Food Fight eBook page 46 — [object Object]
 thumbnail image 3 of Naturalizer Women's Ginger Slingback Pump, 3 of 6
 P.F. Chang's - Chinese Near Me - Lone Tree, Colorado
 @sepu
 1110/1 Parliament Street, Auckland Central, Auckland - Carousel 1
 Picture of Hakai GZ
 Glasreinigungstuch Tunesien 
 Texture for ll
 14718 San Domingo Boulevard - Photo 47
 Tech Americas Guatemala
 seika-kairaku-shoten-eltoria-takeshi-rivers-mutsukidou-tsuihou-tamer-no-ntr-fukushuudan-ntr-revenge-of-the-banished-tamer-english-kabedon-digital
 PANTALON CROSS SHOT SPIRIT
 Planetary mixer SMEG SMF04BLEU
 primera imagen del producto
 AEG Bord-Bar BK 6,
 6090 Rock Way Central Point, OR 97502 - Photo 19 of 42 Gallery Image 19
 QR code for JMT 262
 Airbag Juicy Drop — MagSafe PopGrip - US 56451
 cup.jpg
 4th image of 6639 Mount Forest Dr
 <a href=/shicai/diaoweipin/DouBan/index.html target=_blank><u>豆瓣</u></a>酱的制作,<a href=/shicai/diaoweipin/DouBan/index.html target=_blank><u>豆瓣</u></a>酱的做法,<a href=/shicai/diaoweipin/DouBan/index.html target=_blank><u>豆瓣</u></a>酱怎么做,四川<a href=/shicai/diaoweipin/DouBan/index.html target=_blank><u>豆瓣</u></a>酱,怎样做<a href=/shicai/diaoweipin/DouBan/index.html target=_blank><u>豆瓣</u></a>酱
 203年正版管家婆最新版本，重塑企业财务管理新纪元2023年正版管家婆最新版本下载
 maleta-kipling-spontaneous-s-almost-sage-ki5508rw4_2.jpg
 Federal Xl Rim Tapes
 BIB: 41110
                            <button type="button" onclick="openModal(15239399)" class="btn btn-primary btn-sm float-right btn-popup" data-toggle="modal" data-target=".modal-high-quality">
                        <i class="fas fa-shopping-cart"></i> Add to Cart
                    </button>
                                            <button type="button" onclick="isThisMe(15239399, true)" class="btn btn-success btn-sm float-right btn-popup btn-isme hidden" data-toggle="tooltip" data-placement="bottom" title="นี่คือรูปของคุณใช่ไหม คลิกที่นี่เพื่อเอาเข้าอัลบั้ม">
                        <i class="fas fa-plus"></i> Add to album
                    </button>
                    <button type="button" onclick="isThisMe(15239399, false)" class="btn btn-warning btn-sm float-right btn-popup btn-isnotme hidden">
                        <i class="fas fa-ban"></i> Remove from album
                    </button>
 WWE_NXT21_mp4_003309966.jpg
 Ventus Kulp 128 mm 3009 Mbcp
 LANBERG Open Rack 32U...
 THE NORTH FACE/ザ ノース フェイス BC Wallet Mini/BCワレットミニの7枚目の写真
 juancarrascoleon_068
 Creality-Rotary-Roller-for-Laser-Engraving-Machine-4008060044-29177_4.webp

The task:
Repeat exactly, and only, the lines from the one containing "LANBERG Open Rack 32U..." through the last line above.

Solution to this problem:
 LANBERG Open Rack 32U...
 THE NORTH FACE/ザ ノース フェイス BC Wallet Mini/BCワレットミニの7枚目の写真
 juancarrascoleon_068
 Creality-Rotary-Roller-for-Laser-Engraving-Machine-4008060044-29177_4.webp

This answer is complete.